Once I got past the first 10-15 minutes of drugs and f-bombs, I fell in love with the movie. I don't know that I was troubled, and I wasn't estranged from my family, but I felt like I could connect with Large's (Zach Braff) search for home during that period of my life. My favorite quote from the movie was…
"You know that point in your life when you realize the house you grew up in isn't really your home anymore? All of a sudden even though you have some place where you put your shit, that idea of home is gone… You'll see one day when you move out it just sort of happens one day and it's gone. You feel like you can never get it back. It's like you feel homesick for a place that doesn't even exist. Maybe it's like this rite of passage, you know. You won't ever have this feeling again until you create a new idea of home for yourself, you know, for your kids, for the family you start, it's like a cycle or something. I don't know, but I miss the idea of it, you know. Maybe that's all family really is. A group of people that miss the same imaginary place."
When you're single in your 20s and 30s (and potentially beyond I suppose) it's easy to feel stuck in between "homes." The home you grew up in, that you long for, doesn't really exist anymore. And yet the home you think your future holds, that you long for, that doesn't exist either… at least not yet. There can be an awkward period in between that can make a person go crazy feeling homesick for a place that doesn't exist. I can be homesick longing for these things that don't exist… or I can embrace the places of "home" as I find them.

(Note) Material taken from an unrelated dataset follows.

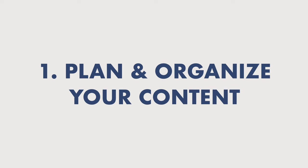Number one: plan and organize your content. Make sure you have a clear structure for the presentation and know exactly what the audience wants to hear. This will ensure that your presentation goes smoothly and is engaging for the audience.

I just spent my first weekend in Fayetteville since selling my house. I was without a "home," but I couldn't help but feel at home. I'm sure the fact that it was "homecoming" didn't hurt, but there's just something about driving on campus, or walking in Scrub Oaks or seeing some of my favorite people… that makes me feel at home. I know it was time for me to move back to Maryland when I did, but I will always consider Methodist another home away from home. I know it won't always be the same... At some point I'll go back to visit and no one will know who I am or be willing to spend four hours with me in the Lion's Den. But the Lion's Den.. the soccer field.. Weaver.. my old office… Just some of the place that will always remind me of the people that made it home for me.
Home isn't a house or a place you can always go back to, but it's definitely the people and the memories from those places that I call home.